Given the focus of CECC it comes as no surprise that CECC would provide the American people, and as their representative, the Chinese government, with reflections on the events of June 1989 centered on Tiananmen in Beijing. To that end, CECC has just published its 2016 Bipartisan Congressional Letter To Chinese President Xi Jinping Marks 27th Anniversary of Tiananmen Protests & Massacre. It provides an excellent reflection of the analytical framework from out of which the US tends to consider Chinese political structures and the direction of their "reform," as well as the underlying political principles through which such analysis and objectives are applied.

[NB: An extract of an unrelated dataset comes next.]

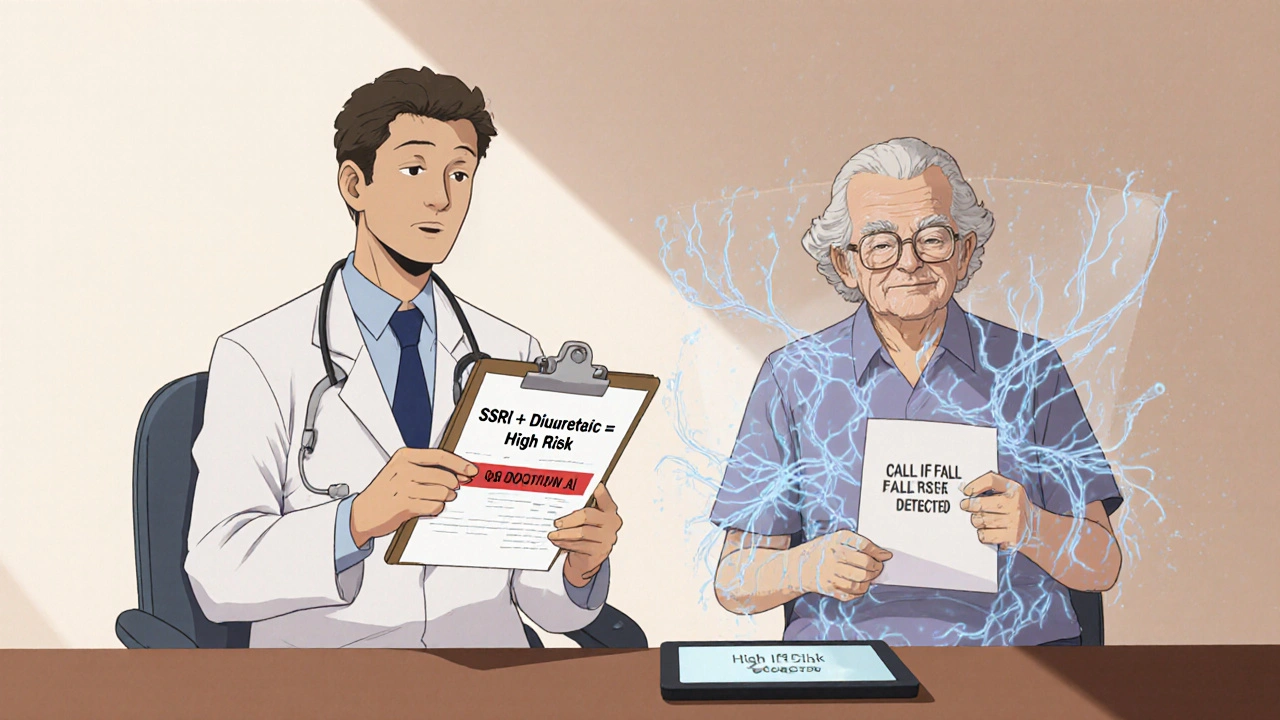 Doctor and patient in clinic with body overlay showing diluted sodium and AI fall risk alert on tablet.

Bipartisan Congressional Letter To Chinese President Xi Jinping Marks 27th Anniversary of Tiananmen Protests & Massacre;CECC Commissioners Say Transparency About 1989 Events Will “Reap Benefits” For China’s Global Image & U.S.-China Relations(Washington DC)—On the eve of the 27th anniversary of the Tiananmen protests and their violent suppression, a bipartisan group of lawmakers from the Congressional-Executive Commission on China (CECC) urged the Chinese President to lift restrictions on public discussion of Tiananmen, end reprisals against former student leaders and those seeking information about missing family members, and release individuals detained for commemorating the June 4 anniversary. The letter was signed by CECC Chairman, Representative Chris Smith, CECC Cochair, Senator Marco Rubio, and CECC Commissioners Senator Tom Cotton, Senator Ben Sasse, Representative Timothy Walz, Representative Randy Hultgren and Representative Marcy Kaptur.
The CECC was created by Congress in October 2000 to monitor human rights and the development of the rule of law in China, and to submit an annual report to the President and the Congress. Members of the Commission include Representatives and Senators from both parties, along with senior officials in the Executive Branch, representing the Department of State, the Department of Labor, and the Department of Commerce.

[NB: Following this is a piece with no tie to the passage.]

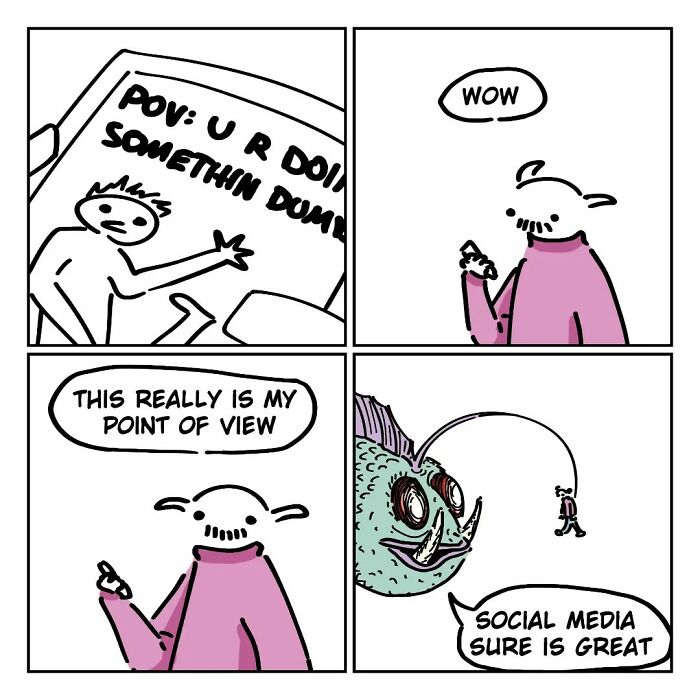 Relatable and funny comic by Oatmink showing social media's impact on perspective through everyday life humor.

The full text of the letter is included below:June 2, 2016
His Excellency Xi Jinping
President of the People’s Republic of China
Dear President Xi:
We write as members of the bipartisan U.S. Congressional-Executive Commission on China (CECC) on the 27th anniversary of the violent suppression of nationwide protests that started in and around Beijing’s Tiananmen Square. These events and the ongoing prohibition of public and online discussion of what transpired on June 4, 1989 have done more to negatively shape global perceptions of the Chinese government than almost anything else in your country’s recent history.

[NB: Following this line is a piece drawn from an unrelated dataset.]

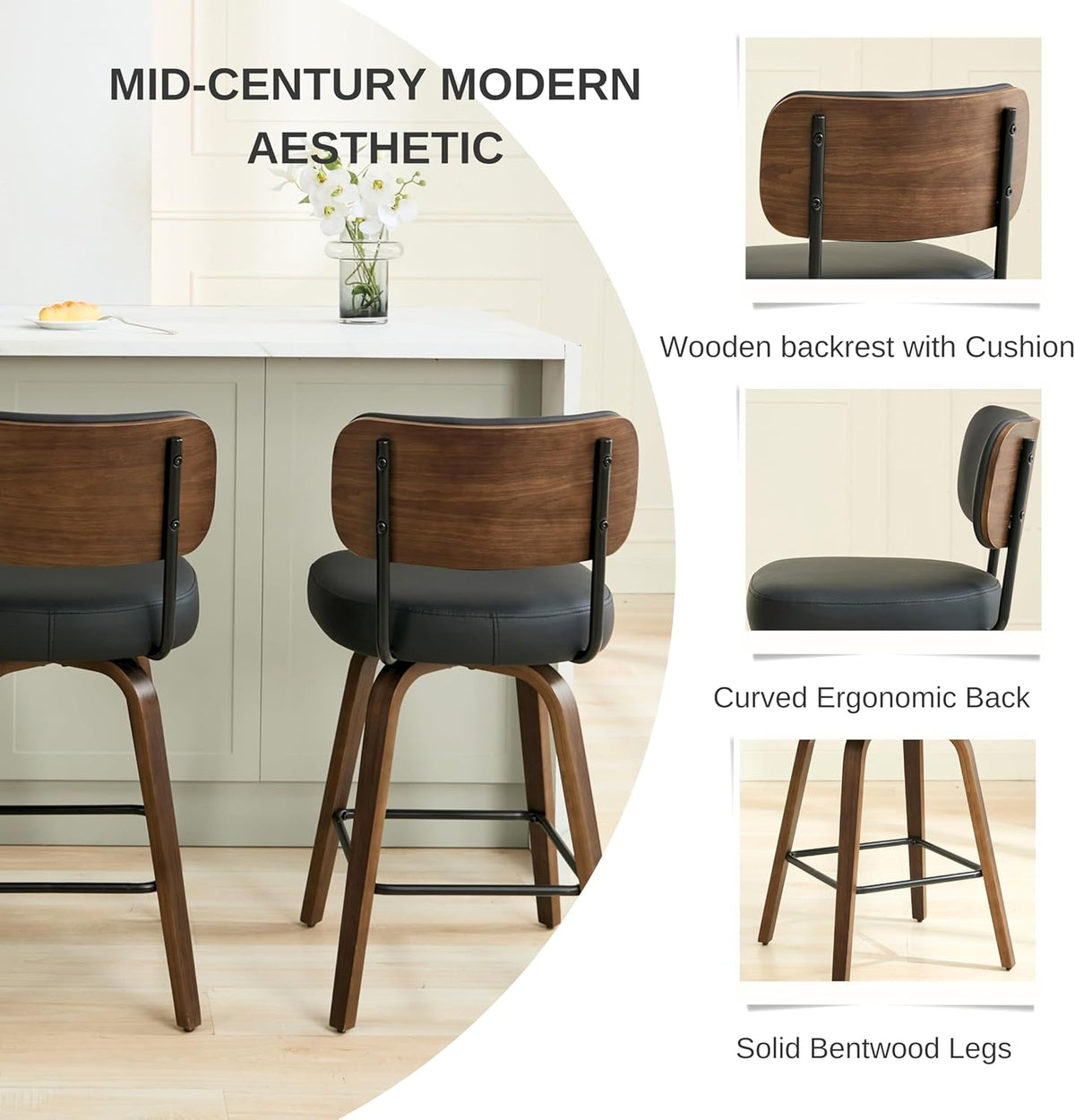 Swivel Bar Stools Set of 3, 26" Upholstered Counter Height Bar Stools with Back and Walnut Wood Legs, Faux Leather Barstools for Kitchen Counter, Black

It has been reported that the last known prisoner, Miao Deshun, sentenced for participating in the Tiananmen protests will be released later this year after having spent more than half of his life behind bars. This event offers your government an opportunity to open public space for discussion and commemoration of the tragic and historic events of 1989.
In addition to allowing uncensored, public discussion of the Tiananmen protests and the government’s response, we ask that you end efforts to retaliate against those who participated in the protests, particularly the former student leaders and those, such as the Tiananmen Mothers group, seeking information about family members who died or disappeared on or after June 3-4, 1989.
We are also gravely concerned about those who remain imprisoned or detained in connection with their attempts to commemorate the 25th anniversary of the Tiananmen protests, including Yu Shiwen who himself took part in protests in 1989 and who is reportedly in poor health having suffered a stroke in detention and others such as Chen Wei, Chen Yunfei, Chen Xi (Chen Youcai), Liu Shaoming, Sheng Guan (Xu Zhiqiang), Tang Jingling, Wang Qingying, and Yuan Xinting (Yuan Chaoyang). We urge their immediate and unconditional release.
The spirit of the 1989 protests, the sacrifices made by the protestors, and their peaceful demands for reform and universally recognized freedoms continue to inspire international admiration and respect. Those students and others who, to this day, cling to the goals embodied by those events more than 25 years ago, should be celebrated, not imprisoned and persecuted. For it is they who are the true Chinese patriots who wish nothing more for their fellow citizens than the freedom to live their lives as they see fit.
We solemnly commemorate the Tiananmen massacre each year because of the lives lost and persons permanently injured, because of the profound impact the event has had on U.S.-China relations, because so many former student leaders have made important and lasting contributions to global understanding of China, and because the Chinese people themselves are unable to mark this event.
We make the above requests respectfully in the spirit of improving U.S.-China relations. Greater transparency and better adherence to international rule of law standards are the keys to advancing a range of mutual bilateral interests from fighting corruption to building investor confidence, from food safety to greater security in the Pacific. We believe an honest accounting of the events of 1989 will reap domestic and global benefits for the Chinese government and the Chinese people.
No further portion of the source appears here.